Murphy It took James Bryant just under 100 hours to sculpt his Native American figure from locally sourced southern white pine.
“I used a chainsaw, an angle grinder and a chisel,” he said, adding, “I lost two fingertips during the project.”
The finished piece – a 130-pound, 7-feet, 11-inches tall sculpture – stands in the Cherokee County Museum on Peachtree Street downtown today. Billy Ray Palmer, a museum board member, is thrilled to have the sculpture overseeing the Trail of Tears display at the museum.
“Rhodes Scholar tour busses come through here and just stand in front of it in awe,” Palmer said.
The “awe factor” is easy to see. It’s not just the impressive size of the piece, but Bryant carved the sculpture with a delicacy seen in the Indian’s features.

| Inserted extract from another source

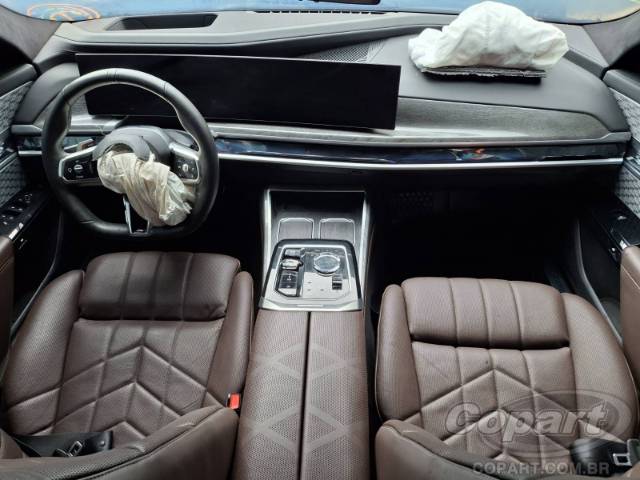 2024 BMW i7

“I named him Yellow Feather,” Bryant said, “because his feather is made from Osage orange. A friend of mine brought the wood to me from Oklahoma.”
The origin of the feather wood creates a full circle metaphor, as it comes from the final stop on the forced removal of Native Americans from the Appalachian Mountains to Oklahoma on the Trail of Tears under President Andrew Jackson’s Indian Removal Act in 1830. Bryant said he used his own dimensions as a guide to create the sculpture.

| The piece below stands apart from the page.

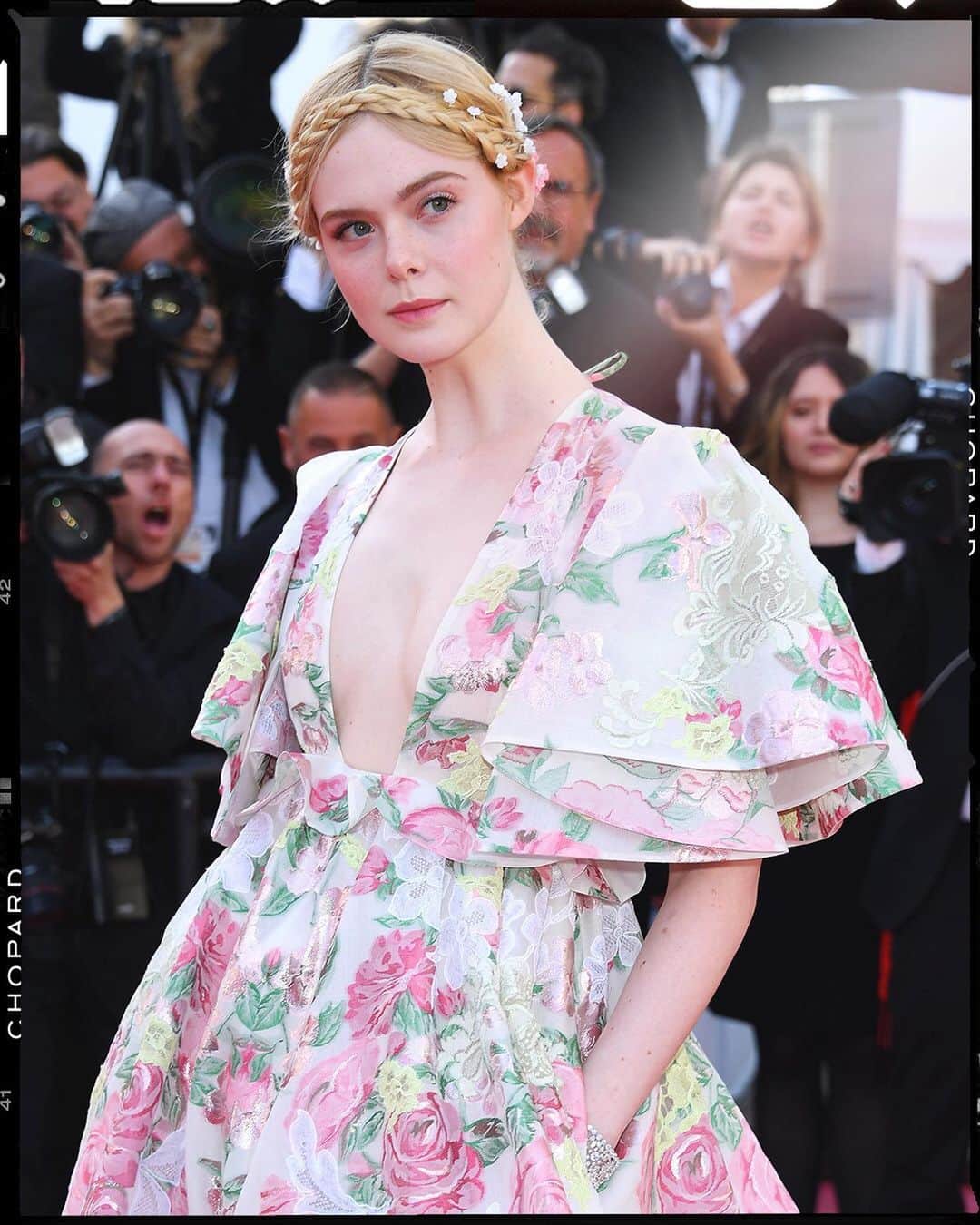 ショパールさんのインスタグラム写真 - (ショパールInstagram)「Elle Fanning turning heads wearing Chopard jewellery. #ChopardLovesCinema #StarsInChopard #TheRedCarpetJeweller #Cannes2019 @ellefanning」5月22日 1時28分 - chopard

“If you look at his palms,” Bryant said, holding his own up for comparison, “you’ll see the lines and grooves match mine.”
Palmer, an old friend of Bryant’s, points out the peace pipe Yellow Feather holds in his open palms.
“He filled that peace pipe with Rabbit weed,” he laughed. “We used to smoke that back when we were school boys.”
Bryant added, “It was real pungent. We’d smoke it in a corn cob pipe, and it burned.”
Both men chuckle at the memory. Bryant was a wood carver from a young age.
“I whittled wood as a young boy,” he said, fishing a whittling knife out of his pocket. “I’ve had this knife for over 40 years,” he added, flipping it open to examine it as if seeing it for the first time.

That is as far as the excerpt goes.